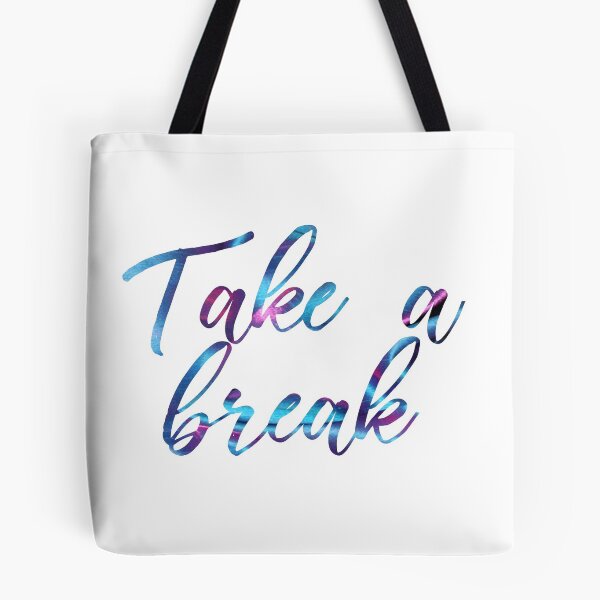 Item preview, Take a Break Ham designed and sold by Macbrittdesigns.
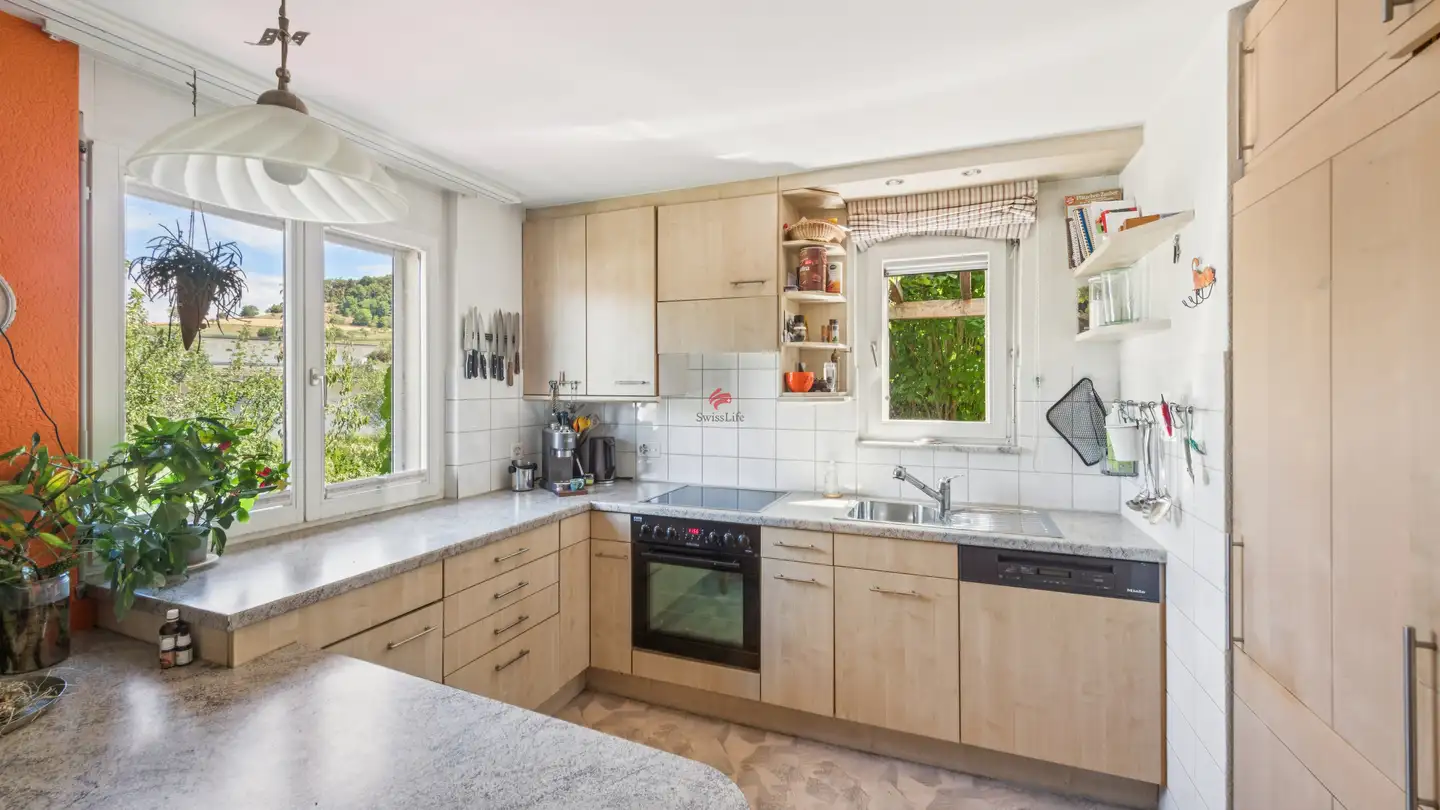 Höhlenhaus kaufen - Lachmattstrasse, 4460 Gelterkinden - Foto 2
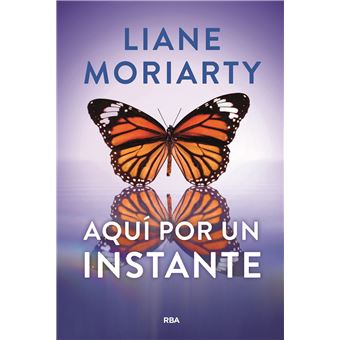 Aquí por un instante - 1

----

**EXERCISE INSTRUCTIONS:** Quote the data above in full and without alteration; skip the pictures.

**COMPLETED TASK:**
 Item preview, Take a Break Ham designed and sold by Macbrittdesigns.
 Höhlenhaus kaufen - Lachmattstrasse, 4460 Gelterkinden - Foto 2
 Aquí por un instante - 1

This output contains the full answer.